In determining whether to grant the recognition sought, The Honourable Justice Harris specifically declined to follow obiter dicta in Singularis Holdings Limited v PricewaterhouseCoopers [2014] UKPC 36; [2015] AC 1675 (Singularis), where the Privy Council (by a majority) suggested that the common law power to recognise and assist foreign insolvency proceedings would not extend to voluntary liquidations. There the court noted that:

…The limits of this power [the common law power of recognition and assistance of a foreign winding-up] are implicit in the reasons for recognising its existence. In the first place, it is available only to assist the officers of a foreign court of insolvency jurisdiction or equivalent public officers. It would not for example, be available to assist a voluntary winding up, which is essentially a private arrangement…” (Singularis, paragraph 25, emphasis added) 

In arriving at this position, Harris J provided the following reasons for not following the more restrictive approach suggested in Singularis:

  • it is not obvious that the principle of modified universalism (the rationale underlying the common law power of assistance) and the purpose of cross-border insolvency assistance would call for a distinction between compulsory and voluntary winding-up;
  •  while there is no doubt a difference between compulsory and voluntary winding-up in the level of court supervision, the difference is one of degree, not of kind;
  • what matters for cross-border insolvency assistance is not whether the foreign insolvency officeholder is or is not an officer of the foreign court.

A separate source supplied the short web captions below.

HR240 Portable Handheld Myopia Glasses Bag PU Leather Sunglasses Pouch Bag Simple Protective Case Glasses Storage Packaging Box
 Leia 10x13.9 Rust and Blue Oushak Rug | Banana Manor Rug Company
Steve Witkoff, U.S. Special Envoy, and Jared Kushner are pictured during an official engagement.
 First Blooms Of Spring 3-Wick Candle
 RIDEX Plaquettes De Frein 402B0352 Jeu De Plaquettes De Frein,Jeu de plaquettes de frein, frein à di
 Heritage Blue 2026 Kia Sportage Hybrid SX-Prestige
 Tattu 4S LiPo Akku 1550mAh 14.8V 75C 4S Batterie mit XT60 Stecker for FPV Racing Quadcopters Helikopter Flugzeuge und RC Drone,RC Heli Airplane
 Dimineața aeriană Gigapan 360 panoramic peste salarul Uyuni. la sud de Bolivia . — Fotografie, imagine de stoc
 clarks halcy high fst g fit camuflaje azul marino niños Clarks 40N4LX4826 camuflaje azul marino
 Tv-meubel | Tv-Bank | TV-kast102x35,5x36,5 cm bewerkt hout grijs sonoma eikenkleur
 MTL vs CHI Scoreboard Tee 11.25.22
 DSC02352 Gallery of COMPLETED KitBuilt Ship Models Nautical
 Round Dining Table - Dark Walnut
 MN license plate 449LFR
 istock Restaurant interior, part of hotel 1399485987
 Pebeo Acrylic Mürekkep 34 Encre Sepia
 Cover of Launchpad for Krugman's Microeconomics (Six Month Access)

What matters is whether the foreign proceeding is collective in nature, in the sense that it is “a process of collective enforcement of debts for the benefit of the general body of creditors”. [Singularis, paragraph 15, quoting Re Lines Bros Ltd [1983] Ch 1, 20].  It is with collective insolvency proceedings that the principle of modified universalism is concerned;
  • the purpose of cross-border insolvency assistance consists in meeting the foreign insolvency officeholders’ practical needs. It would seem arbitrary and unduly restrictive to insist that they are not entitled to assistance merely because they were not appointed by the foreign court.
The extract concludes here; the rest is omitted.